[DATA FOR PROCESSING]

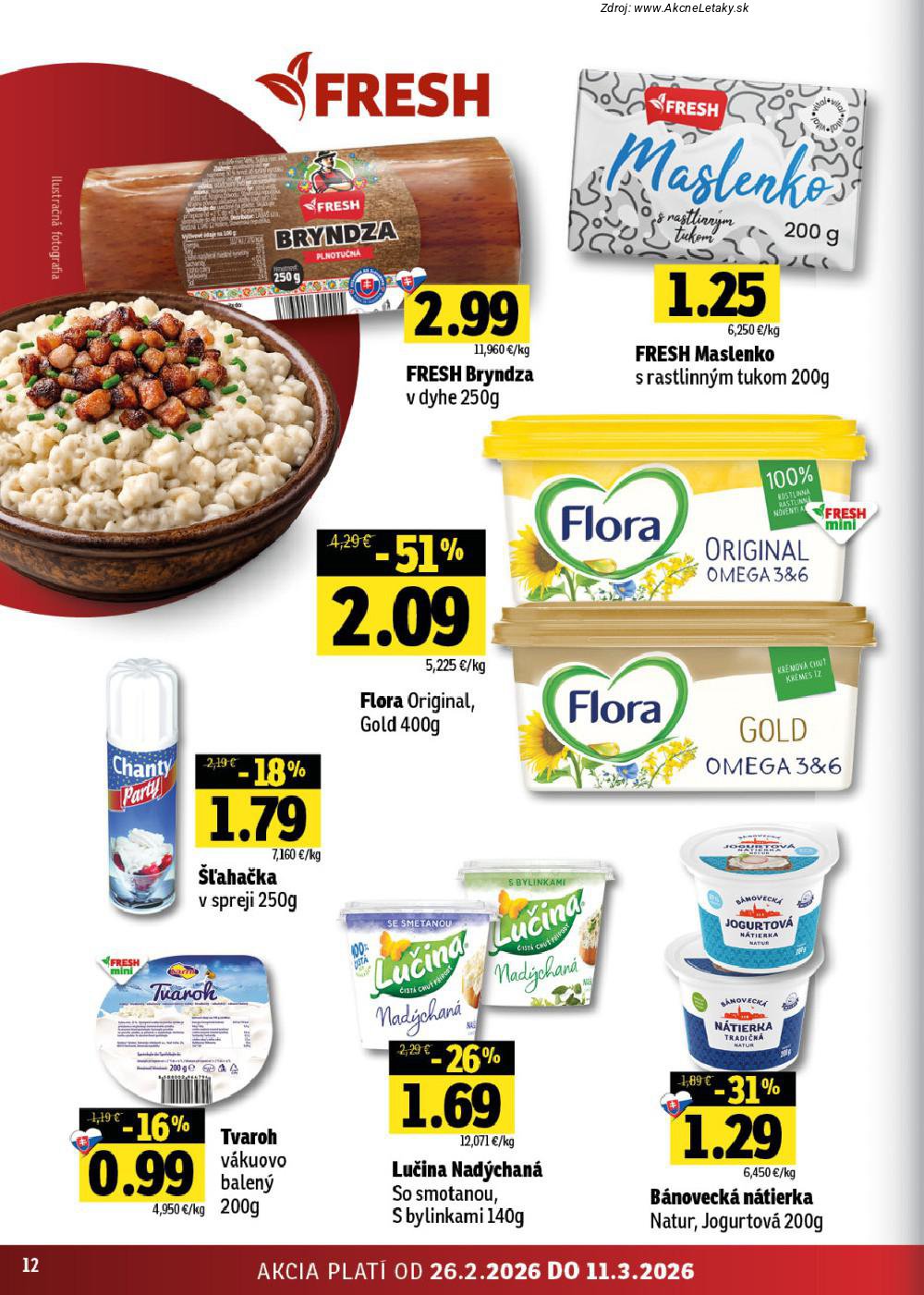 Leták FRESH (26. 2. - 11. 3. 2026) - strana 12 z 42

[/DATA FOR PROCESSING]
[DATA FOR PROCESSING]

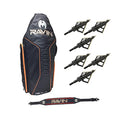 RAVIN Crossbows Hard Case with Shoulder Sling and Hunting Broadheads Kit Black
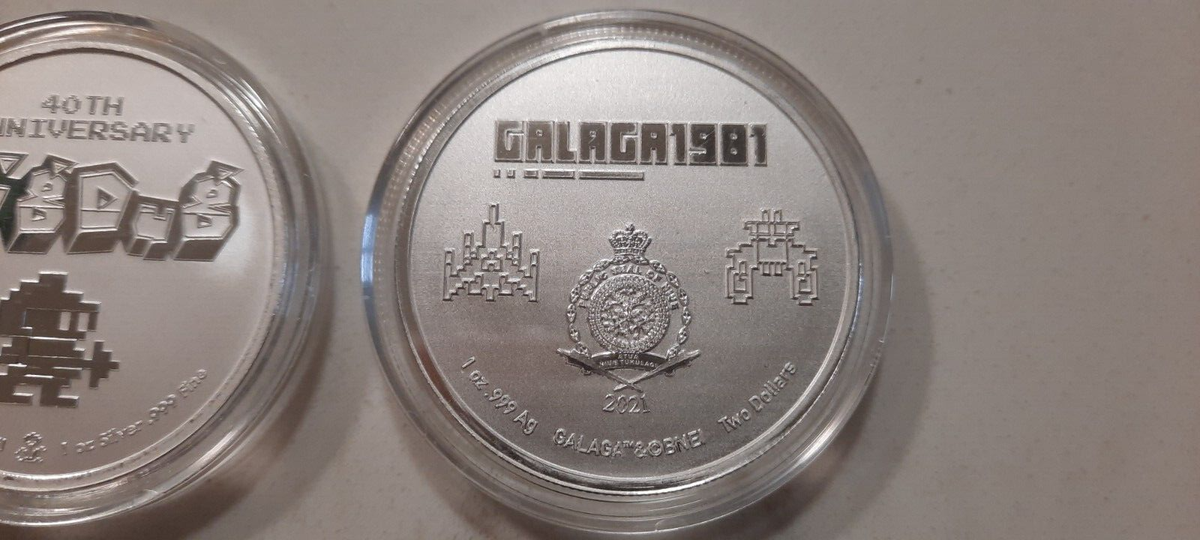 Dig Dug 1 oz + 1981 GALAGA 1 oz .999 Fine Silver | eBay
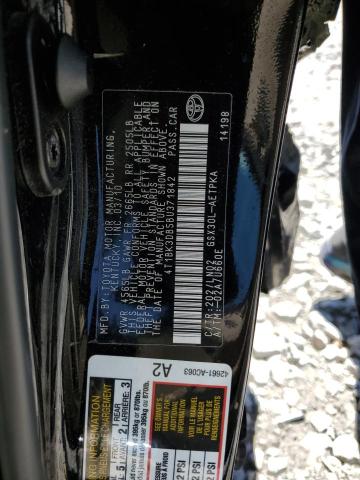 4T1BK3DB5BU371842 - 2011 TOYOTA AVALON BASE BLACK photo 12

[/DATA FOR PROCESSING]

◆ TASK OBJECTIVE: From the records above, quote word for word only the lines beginning at the line that has "Dig Dug 1 oz" and stopping after the line that has "4T1BK3DB5BU371842 - 2011". Omit the pictures.

◆ EXERCISE ANSWER:
 Dig Dug 1 oz + 1981 GALAGA 1 oz .999 Fine Silver | eBay
 4T1BK3DB5BU371842 - 2011 TOYOTA AVALON BASE BLACK photo 12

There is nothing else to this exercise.